Although a private and not a public citizen, I declare the historic “Constitution of the United States” to be outdated and unable to adequately serve the modern needs of society.

If enough leaders in government were in any way competent to fight social problems, then the Constitution would really not be so outdated. This very day (11/12/15), a gathering of various state leaders commenced at my home town of Salt Lake City to seek opportunities to facilitate a first-ever convention for the future ratification of a constitutional amendment, in order to actually forward the possibility that states can accomplish such reform. This is a good initiative, but doubtless there are few Americans who are aware of it, due to the characteristic failure of the press —  despite the standard practice of syndication and republishing of articles of national interest — to bring such opportunities to better public awareness.

Further bearing upon the potential for constitutional reform is whether broadened powers of publication enjoyed by the public via internet blogs and postings serve to sadly dilute the quality of philosophic thought. If so, then no amount of popular fervor to recapture the vision of revolutionary café and tavern dialogue is likely to increase the wisdom or practical power of the citizenry.

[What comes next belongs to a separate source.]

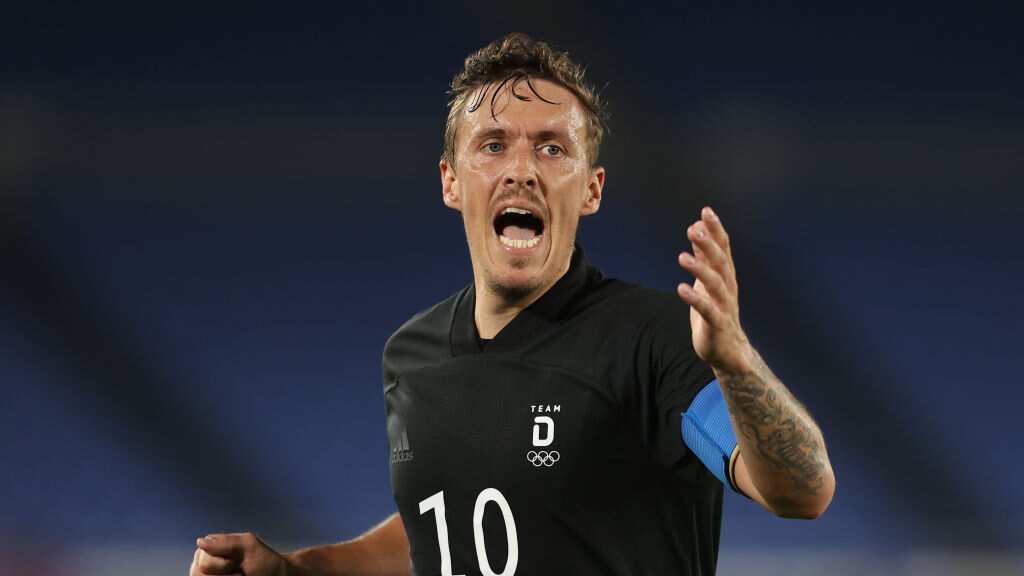 Capitán de Alemania propone matrimonio a su novia a través de la televisión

The best hope for improved democracy is for a truly superior thinker to publish a book of such novel or well-reasoned “opportunities” for reform that it would popularly outshine the rest of the new social theory. It would be tragic if nowhere in this world, whether in the U.S. or abroad, a brilliant sociologist or political theorist could see any personal advantage in writing a book in the style necessary to effectively eclipse the ever-cheapening accumulation of opinion, intellectual or subjective, which too often entertains those who need more weight and substance in their own thought.

Jefferson had rightly feared that the public might someday take the popular, political success of others as an excuse to — in my own words — consider themselves well-educated and well served.